デンタルガムは、その子の体格に合ったサイズを選び、丸のみしないよう見守って与えます。非常に硬い骨、ひづめ、角、硬質ナイロン製品などは、噛んだときに歯が折れる原因になることがあります。「長く噛めるほど歯に良い」とは限りません。爪で押してもほとんどへこまないほど硬いものは、歯への負担を考える必要があります。
猫では、噛むことを前提とした製品を受け入れない子もいます。無理にガムを与えるより、デンタルシート、口腔用ジェル、口腔ケア用フードなど、その子が継続できる方法を選びます。ただし、シートで歯の表面を拭くだけでは、歯と歯肉の境目に十分届かない場合があります。可能であれば、少しずつ歯ブラシへ移行することを目標にします。
デンタルフードやトリーツにはカロリーがあります。肥満予防や療法食による病気の管理を優先し、与える場合は一日の総摂取カロリーに含めます。腎臓病、食物アレルギー、消化器疾患などがある場合は、自己判断で食事やおやつを変更しないでください。
どの製品も、すでに進行した歯周病や痛む歯を治療するものではありません。口臭が強い、歯肉から出血している、食べ方に異常がある場合は、製品を追加する前に診察を受ける必要があります。
見逃したくない症状と動物病院を受診するタイミング
口腔疾患は、外から見ただけでは重症度がわかりにくい病気です。ワクチン接種や健康診断の際には、口臭が気にならなくても口腔内を確認してもらいましょう。小型犬、短頭種、歯並びに問題がある犬、乳歯が残っている若い犬、過去に歯周病の治療を受けた犬猫では、よりこまめな評価が必要になることがあります。
数日以内に相談したい変化としては、口臭が続く、歯肉が赤い、歯磨きで出血する、歯石が増えた、硬いものを避ける、食べ物を落とす、片側だけで噛む、よだれが増えた、口元を触られるのを嫌がるといった症状があります。症状が軽く見えても、痛みや歯周病が隠れていることがあります。
できるだけ早く動物病院へ連絡したいのは、食べられないほど口を痛がる、口から出血が続く、顔が急に腫れた、歯が折れた、口が閉じられない、異物が刺さっている、強い悪臭とともに元気や食欲が低下しているといった場合です。ひも状の異物が口から見えていても、引っ張らないでください。舌の付け根や消化管に引っかかっている可能性があります。
動物病院で行う歯科処置では、全身状態を評価したうえで麻酔をかけ、歯肉の上だけでなく、歯周病の主な病変が存在する歯肉の下まで清掃します。レントゲン検査や歯周ポケットの検査、歯のぐらつきの具合などによって、保存できる歯と、抜歯が必要な歯を判断します。
麻酔をかけずに見える歯石だけを除去しても、歯肉の下を十分に検査・処置することはできません。見た目がきれいになったことで病気が治ったように感じても、歯周病の原因が残っている可能性があります。また、動いている犬や猫の口の中で鋭い器具を使うことには、歯肉や舌を傷つける危険もあります。

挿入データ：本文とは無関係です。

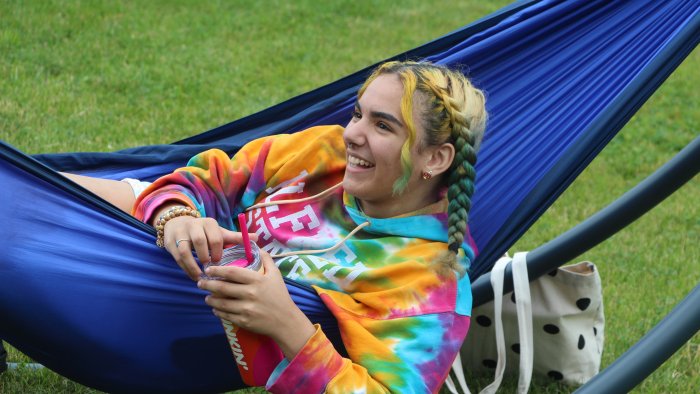 The hammocks on campus are a great place to relax!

歯科処置を受けたあとも、自宅ケアが不要になるわけではありません。治療によって一度きれいな状態に整え、その状態を歯磨きや適切な補助製品によってできるだけ長く保つ、という考え方が基本です。処置後に歯磨きを再開する時期は、抜歯の有無や口腔内の状態によって異なるため、担当の獣医師の指示に従いましょう。
多くの歯科処置では、超音波スケーラーなどを用いて歯垢や歯石を除去します。スケーリング後は歯の表面に生じた微細な凹凸をなめらかにするため、ポリッシングを行います。ただし、処置後も歯垢は再び付着し始めるため、良好な状態が永久に続くわけではありません。再付着の速さには個体差があり、口腔内の状態やご自宅でのケアの状況によっては比較的短期間で歯垢や歯石が増えることもあります。処置後の良好な状態をできるだけ長く保つためにも、獣医師の指示に従って日々のケアを続けましょう。
犬や猫のお口の健康を守るには、日々の小さな積み重ねが欠かせません。食べ方を観察すること、口臭の変化に気づくこと、無理のない範囲で歯を磨くこと、定期的に診察を受けること。こうした習慣が、痛みの少ない毎日と健やかな暮らしを支えてくれます。